Tensile elasticity of a freely jointed chain with reversible hinges
Abstract
Many biopolymers exhibit reversible conformational transitions within the chain, which affect their bending stiffness and their response to a stretching force. For example, double stranded DNA may have denatured “bubbles” of unzipped single strands which open and close randomly. In other polymers, the transitions may be due to the reversible attachment and detachment of ligands on ligand–receptor complexes along the backbone. Semiflexible bundles under tension formed by the reversible attachment of cross-linkers, on a coarse-grained level, exhibit similar behaviour. The simplest theoretical model which captures what the above mentioned systems have in common is a freely jointed chain (FJC) with reversible hinges. Each hinge can be open, as in the usual FJC, or closed forcing the adjacent segments to align (stretch).
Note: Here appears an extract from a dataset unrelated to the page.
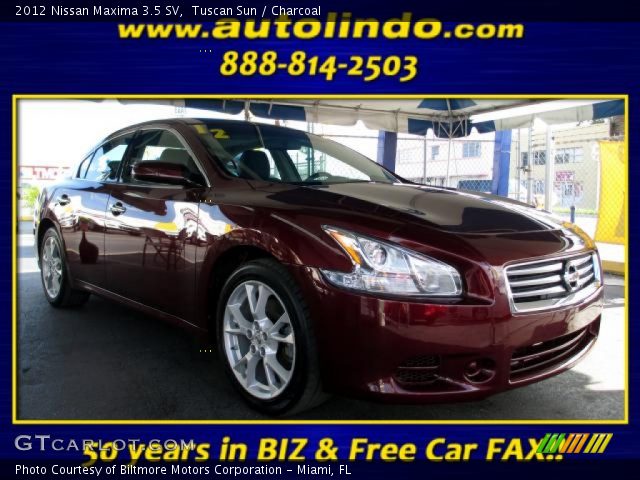 2012 Nissan Maxima 3.5 SV in Tuscan Sun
In this article, we analyse it in the Gibbs ensemble. Remarkably, even though the usual FJC in the thermodynamic limit exhibits ensemble equivalence, the reversible FJC exhibits ensemble inequivalence. Even though a mean field treatment suggests a continuous phase transition to a fully hinged state at a certain force, the generating function method (“necklace model”) shows that there is no phase transition. However, there is a crossover between the two states with clearly different responses. In the low force (linear response) regime, the reversible FJC has higher tensile compliance than its usual counterpart. In contrast, in the strong force regime, the tensile compliance of the reversible FJC is much lower than that of the usual FJC.